In a classification problem, given a list of features values $x$ and their corresponding classes $\{c_i\}$, the posterior for of the classes, aka conditional probability of the classes, is

$$p(C=c_i\mid X=x).$$

Likelihood

The likelihood of the data is

$$p(X=x\mid C=c_i).$$

## Logistic Regression for Two Classes

For two classes, the simplest model for the posterior is a linear model,

$$\log \frac{p(C=c_1\mid X=x) }{p(C=c_2\mid X=x)} = \beta_0 + \beta_1 \cdot x,$$

which is equivalent to

$$p(C=c_1\mid X=x) = \exp\left(\beta_0 + \beta_1 \cdot x\right) p(C=c_2\mid X=x) .$$

Why

The reason that we proposing a linear model for the quantity

$$\log \frac{p(C=c_1\mid X=x) }{p(C=c_2\mid X=x)},$$

is that it has a range from $-\infty$ to $\infty$ which matches the range of the linear model $\beta_0 + \beta_1 \cdot x$.

We can also see in the following results that such relation guarantees that the conditional probabilities are restricted to 0 to 1 after applying the normalization constraint.

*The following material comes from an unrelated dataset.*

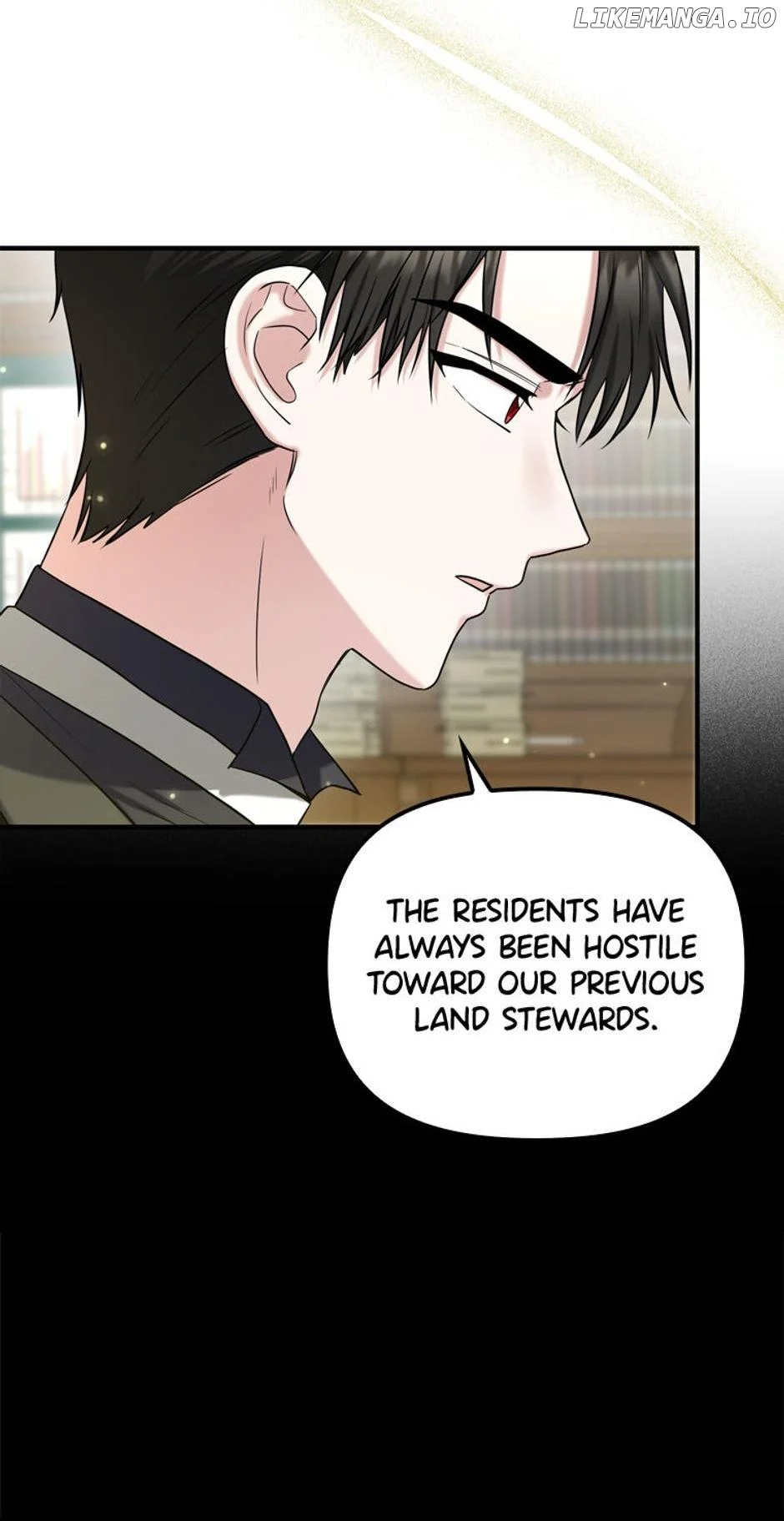 Read Duke Please Fail! chapter 19 image 16 on Lezhin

Using the normalization condition

$$p(C=c_1\mid X=x) + p(C=c_2\mid X=x) = 1,$$

we can derive the posterior for each classes

\begin{align} p(C=c_2\mid X=x) &= \frac{1}{1 + \exp\left(\beta_0 + \beta_1 \cdot x\right)} \\ p(C=c_1\mid X=x) &= \frac{\exp\left(\beta_0 + \beta_1 \cdot x\right)}{1 + \exp\left(\beta_0 + \beta_1 \cdot x\right)}. \end{align} The two conditional probabilitiesFor simplicity, we are using $x'=\beta_0 + \beta_1 \cdot x$ in this figure.

This is the

Limiting behavior

1. As $\beta_0 + \beta_1 \cdot x \to \infty$, we have $p(C=c_2\mid X=x) \to 0$ and $p(C=c_1\mid X=x)\to 1$.
2. As $\beta_0 + \beta_1 \cdot x \to 0$, we have $p(C=c_2\mid X=x) \to 0.5$ and $p(C=c_1\mid X=x)\to 0.5$.
3. As $\beta_0 + \beta_1 \cdot x \to -\infty$, we have $p(C=c_2\mid X=x) \to 1$ and $p(C=c_1\mid X=x)\to 0$.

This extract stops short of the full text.